The congregation was adduced as a reason for the Rokewood sale, in that, according to the parish priest, “[l]ow numbers and the effort required to ready the building for a monthly Mass were taking its toll on the small community.” It’s hard to see what “toll” that would have been, and wouldn’t they have preferred to keep their local church?
Rokewood is a township of around 200 people south of Ballarat. St Patrick’s, on a wide block as you enter the town from the north, is a plain Gothic Revival building in red brick and cement render with a slate roof. It’s largish for a small township, with a long nave of five bays and separate chancel with lateral sacristies. It’s also, as churches go, not that old. The foundation stone was laid on 16 October 1927.

The building is of simple design and has some attractive details, such as the sets of three lancet windows above the entrance porch and on the (liturgical) east wall of the chancel. The tripartite theme is repeated under the upper section of the front gable by a boxed half-timbered panel supported on corbels. This gives the façade a faintly non-ecclesiastical look. The external walls are handsomely buttressed. The church has eaves rather than parapets, unusual in a Gothic Revival building.

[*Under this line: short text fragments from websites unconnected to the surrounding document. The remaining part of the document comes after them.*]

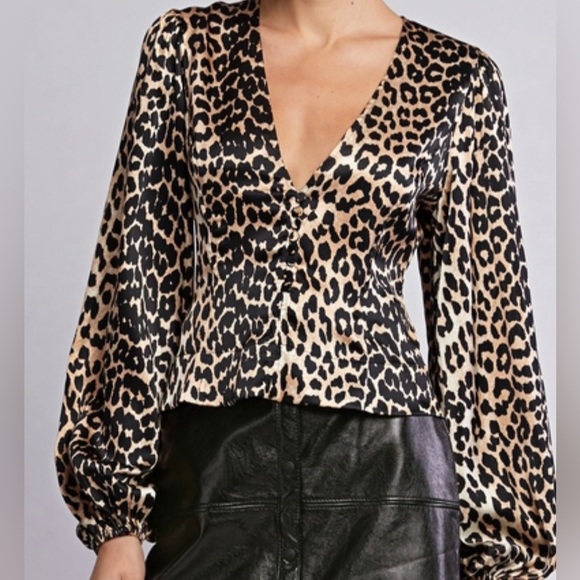 GANNI Stretch Silk Satin Leopard-Print Crop
Blouse - Picture 3 of 3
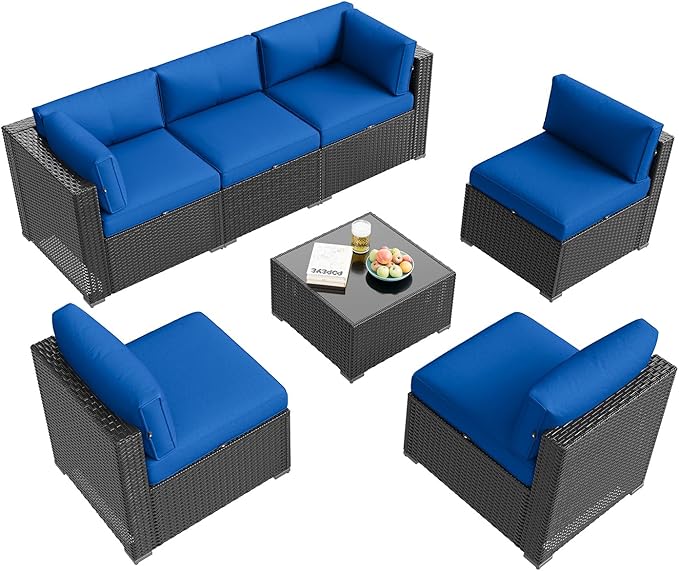 Aoxun Patio Furniture Set, 7 Piece Outdoor Sectional Sofas - Image 9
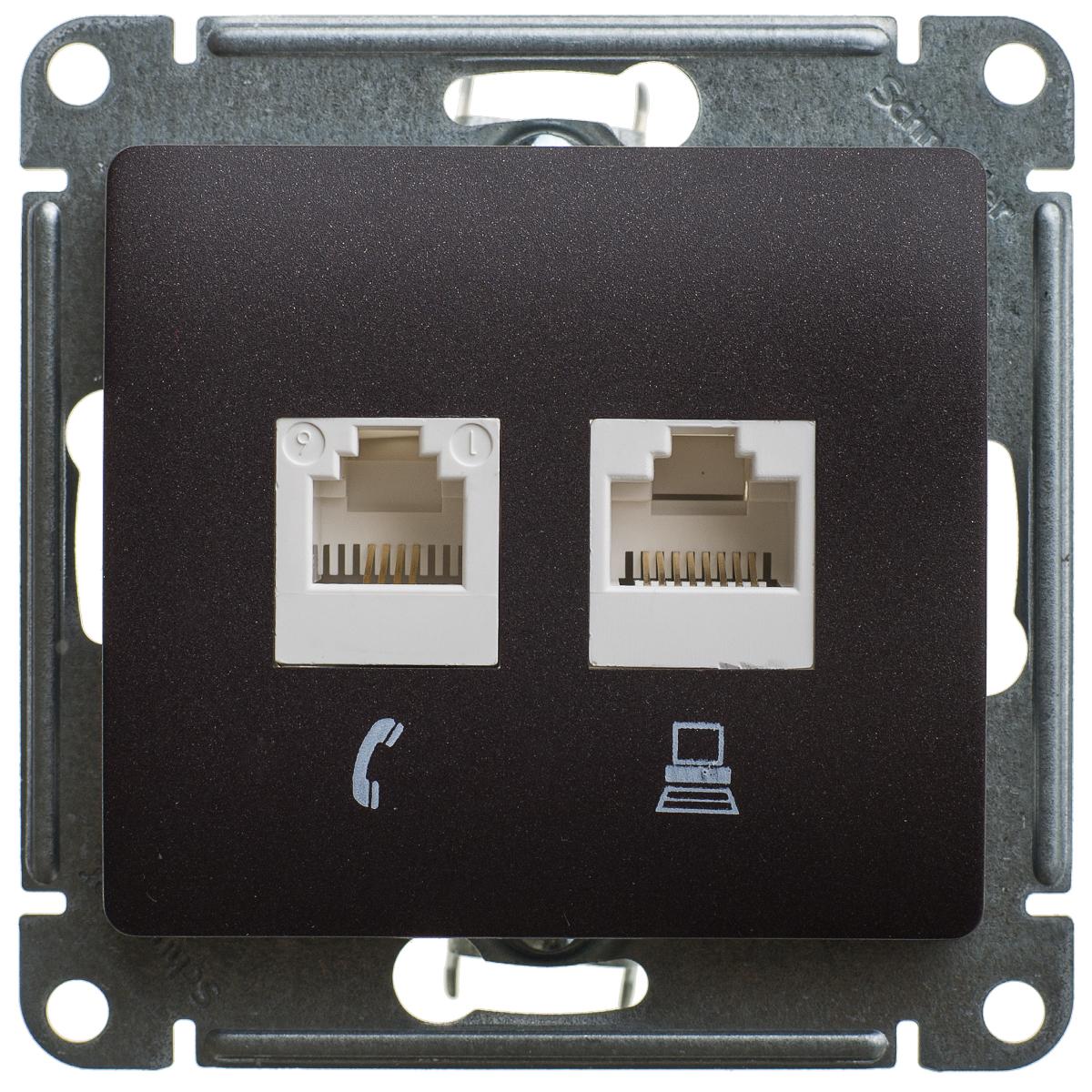 Schneider Electric Glossa Шоколад Розетка 2-местная RJ11+RJ45, категория 5E, механизм IP20 скрытая установка GSL000885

The Catholic diocese of Ballarat needs to take its responsibility as custodian of country churches more seriously. It has sold at least five recently in what looks like a clearance sale of churches it no longer wishes to maintain. Already this year the pretty stone church at Macarthur in the Western District has gone. We know that the countryside is depopulated and that fewer people go to church but are these sales really worth it compared to what is lost? They inevitably result in the disfigurement of a building that earlier generations paid for, measured the course of their lives in with baptisms, weddings and funerals, and carefully looked after. Once a church is sold, various unsuitable domestic accoutrements are tacked on in the form of solar panels, glazed extensions and coolie-hat-capped iron chimneys in the manner of that depicted by nursery-rhyme illustrators on the old woman who lived in a shoe’s residence. These ruin the appearance of the exterior, while the inside is partitioned up – even though there never seems to be a way of exorcising a chill echo that permeates the cavernous nave-cum-living room. If you want to see the hideous things people do to secularised churches look at the Facebook page on “Churches for Sale”. Frankly, it would less of an affront to the integrity and, indeed, the sanctity of a church to pull it down.

Or in the case of architecturally valuable churches, such as the very fine St Joseph’s, Blampied, unused but happily still unsold, if they must be closed, give a key to a sympathetic neighbour, lock the church, ensure essential maintenance and hold on to the building against demographic change. Some country towns are growing again – Clunes is a case in point – and the time may come when the church can be reopened. In the meantime, as the Anglicans have found at Rupanyup, it will sometimes be requested for weddings and funerals.


The Catholic diocese of Ballarat, though, is perhaps a special case. It needs the money from the sale of churches and other property (the presbytery at Linton was up for sale at the same time as the Rokewood church), mainly to pay vast sums to the “victims” of clerical child sexual abusers of the past, who made up for their limited numbers by the scale of their offending. (Why it needs also to perpetuate these unhappy events with a proposed “memorial” at the Ballarat cathedral is a mystery, unless it be to try to ingratiate itself with the influential and aggressive “survivor” lobby in Ballarat, most of whom are secularists and unlikely to be placated by anything the Church might do anyway. Besides, there have been no cases of abuse in the Ballarat diocese for over two decades. Better to leave past sins in the past and move on.)

Rokewood will not be the last of these sales. We shall watch with concern where next in the Ballarat diocese the blow will fall.